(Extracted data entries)
•••••

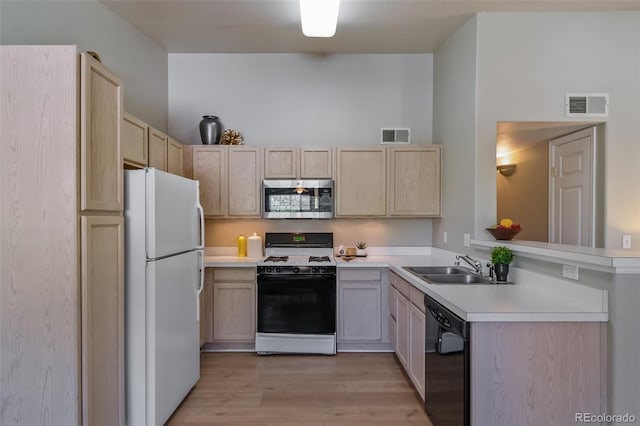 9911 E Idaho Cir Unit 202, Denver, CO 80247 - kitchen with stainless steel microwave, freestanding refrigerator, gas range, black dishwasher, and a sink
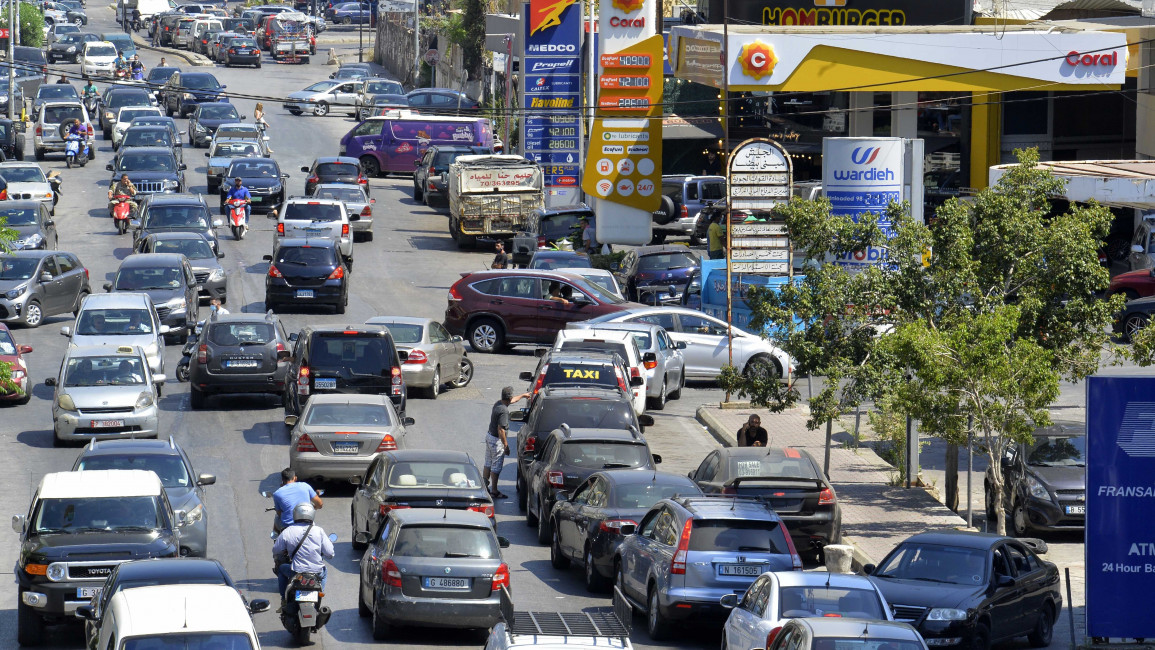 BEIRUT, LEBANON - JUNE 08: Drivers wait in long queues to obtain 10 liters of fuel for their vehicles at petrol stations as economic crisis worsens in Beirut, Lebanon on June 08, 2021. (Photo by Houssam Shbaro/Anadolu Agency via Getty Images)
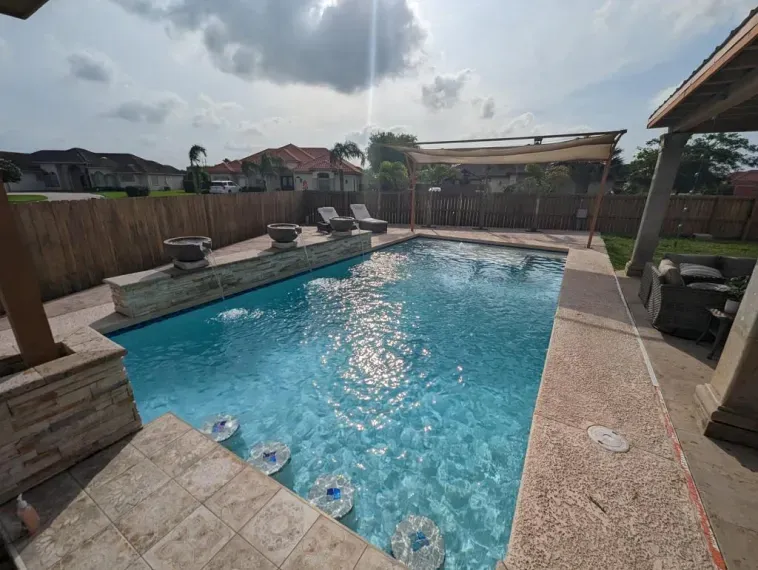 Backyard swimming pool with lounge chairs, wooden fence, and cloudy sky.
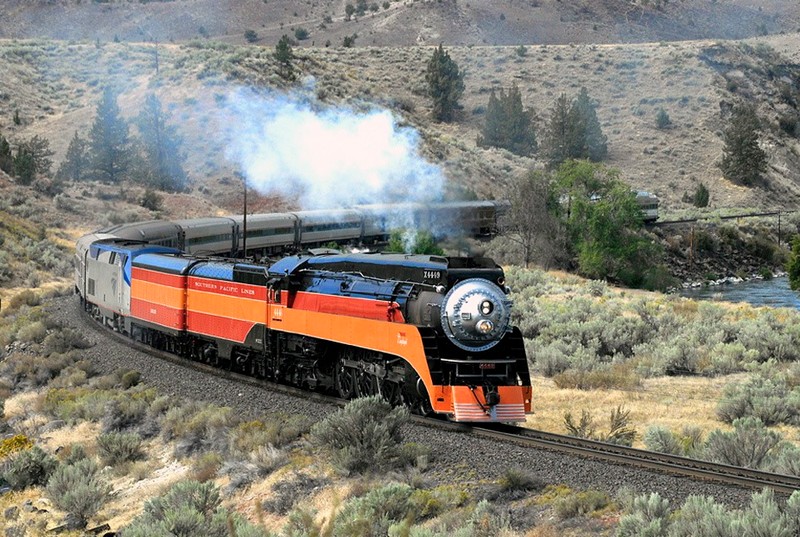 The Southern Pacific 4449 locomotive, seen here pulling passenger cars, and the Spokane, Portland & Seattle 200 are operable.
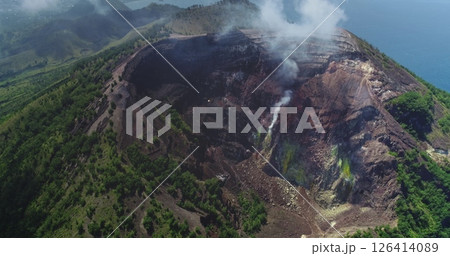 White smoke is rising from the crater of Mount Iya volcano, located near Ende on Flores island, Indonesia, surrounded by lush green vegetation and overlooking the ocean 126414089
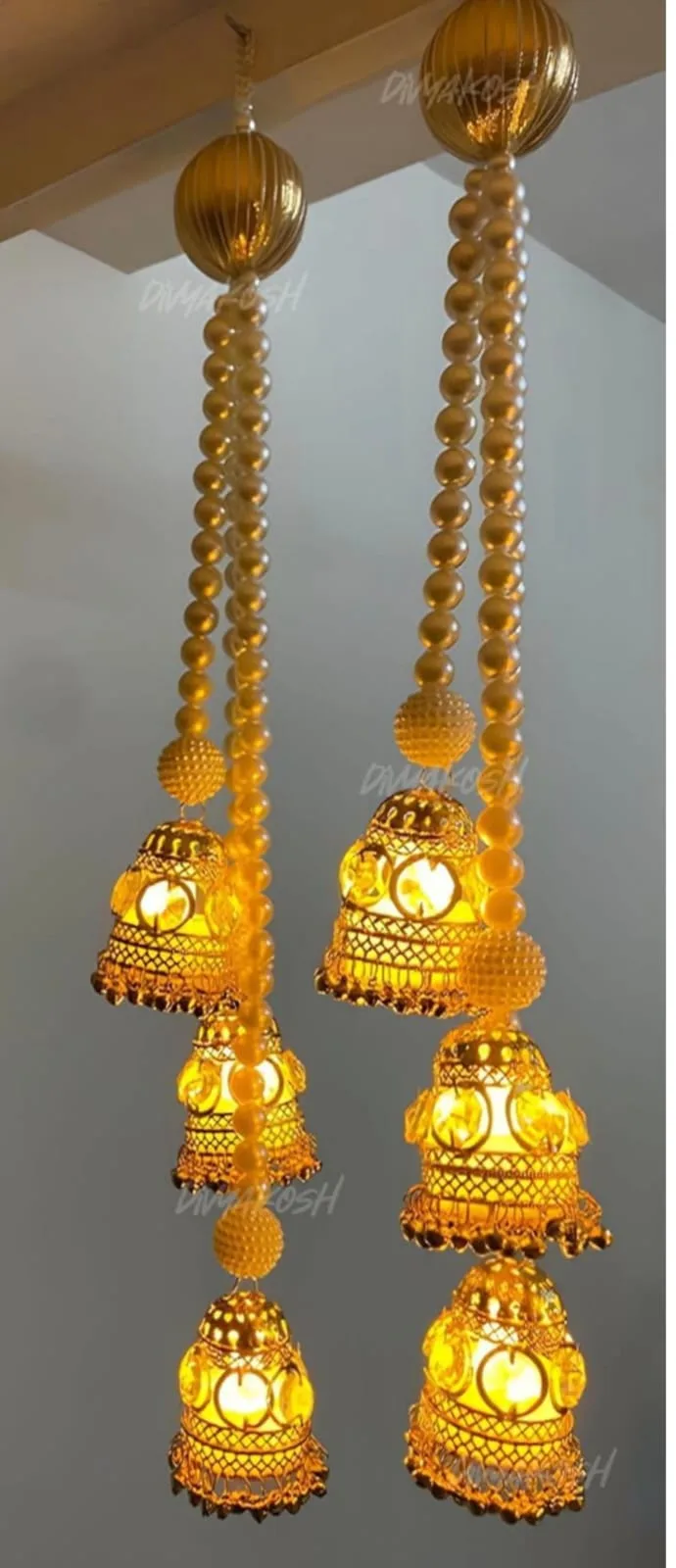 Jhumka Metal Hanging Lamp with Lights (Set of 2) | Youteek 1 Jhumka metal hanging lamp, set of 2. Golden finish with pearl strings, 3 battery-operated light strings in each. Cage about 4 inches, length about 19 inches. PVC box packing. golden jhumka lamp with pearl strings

•••••

Copy the data character for character, but drop all pictures from the copy.

 9911 E Idaho Cir Unit 202, Denver, CO 80247 - kitchen with stainless steel microwave, freestanding refrigerator, gas range, black dishwasher, and a sink
 BEIRUT, LEBANON - JUNE 08: Drivers wait in long queues to obtain 10 liters of fuel for their vehicles at petrol stations as economic crisis worsens in Beirut, Lebanon on June 08, 2021. (Photo by Houssam Shbaro/Anadolu Agency via Getty Images)
 Backyard swimming pool with lounge chairs, wooden fence, and cloudy sky.
 The Southern Pacific 4449 locomotive, seen here pulling passenger cars, and the Spokane, Portland & Seattle 200 are operable.
 White smoke is rising from the crater of Mount Iya volcano, located near Ende on Flores island, Indonesia, surrounded by lush green vegetation and overlooking the ocean 126414089
 Jhumka Metal Hanging Lamp with Lights (Set of 2) | Youteek 1 Jhumka metal hanging lamp, set of 2. Golden finish with pearl strings, 3 battery-operated light strings in each. Cage about 4 inches, length about 19 inches. PVC box packing. golden jhumka lamp with pearl strings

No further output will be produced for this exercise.